Una noche de tormenta con un plácido amanecer
Me despertó la oscuridad. Mas, de pronto, un potente haz de luz iluminó la calle e hizo visibles todos los detallas de la habitación. Me incorporé un tanto desorientado, El aire zumbaba agitando con fuerza los álamos del atrio de la iglesia y golpeaba ruidoso contra paredes y tejados. Tormenta, me dije. Pero esta vez el reloj de la torre no vino en mi ayuda para situarme en la noche.
Para aquellos que hayan dudado de mi forma de despertar, nada habitual por otra parte, habré de aclararles que dormimos con las persianas subidas y con las ventanas abiertas. Aquí por el calor y allá por lo mismo, pero de la calefacción comunitaria. El caso es que sea el tiempo que sea, las ventanas están abiertas o semiabiertas y las persianas subidas, de ahí que reine la claridad. Al oscurecerse todo provocó un cambió que me hico despertar.
Me volví a la cama hasta que noté que algo frio caía sobre mis piernas. Esta vez reaccioné rápido, el agua de la lluvia caía con tal intensidad que rebotaba en el alfeizar y se colaba en la habitación mojando el suelo y saltando hasta mi cama, muy cerca de la ventana. Me levanté raudo para cerrar, pero ello no evitó que me mojase el pijama dada la fuerza con que el agua saltaba hacia adentro. Controlada la emergencia, las puertas de otras habitaciones comenzaron a golpear en desafinado concierto. Mi hermano, que duerme en el piso de abajo, entre las ventanas totalmente cerradas y la sordera no se estaba enterando de nada. Procedí al cerrado de ventanas y puertas y, ya con todo bajo control, me asomé a la ventana que daba hacia el atrio, más resguardada que las otras.

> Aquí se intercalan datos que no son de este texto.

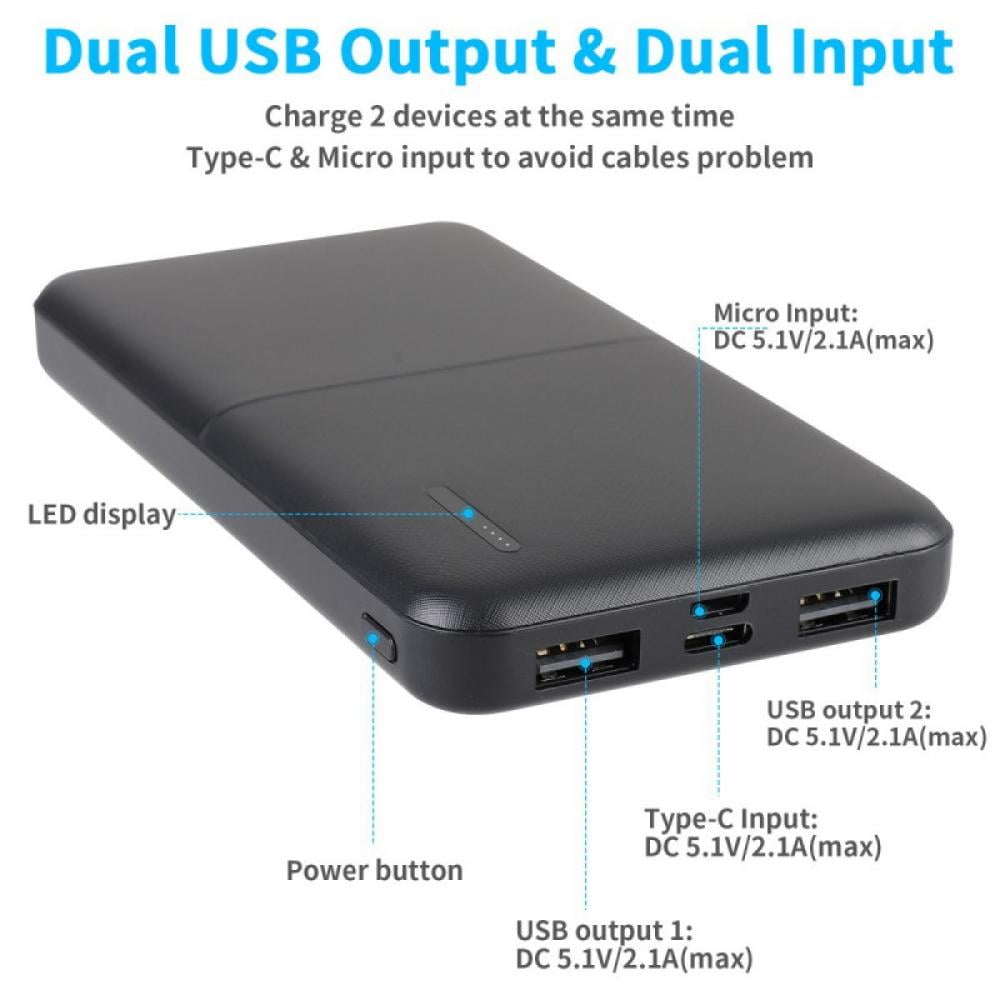 hebzuchtig Aanval ervaring Portable Charger Power Bank 50000mAh Huge Capacity External Battery Pack  Dual Output Port with LED Status Indicator Power Bank for iPhone, Samsung  Galaxy, Android Phone,Tablet & etc - Walmart.com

Rachas de viento y agua barrían el empedrado estrellándose contra los muros que delimitan el conjunto. Golpeaban furiosas contra las ramas de los álamos amenazando echarlas abajo. Los relámpagos iluminaban la Sierra que parecía vibrar en los graves de los truenos que, partiendo de la misma, daban la impresión de que bajaban rodando y golpeando hacia el oeste en busca de los encinares tras golpear sin piedad las casas del pueblo.
Silbaba el viento en las esquinas y en el “Colaillo el río” se estrechaba agudizando el silbo y convirtiendo en chorro horizontal la verticalidad de la lluvia.
La silueta de la torre de la iglesia se perfilaba una y otra vez sobre un fondo oscuro de cortinas de agua que, por momentos, se tornaba en granizo para volver de nuevo a ser agua.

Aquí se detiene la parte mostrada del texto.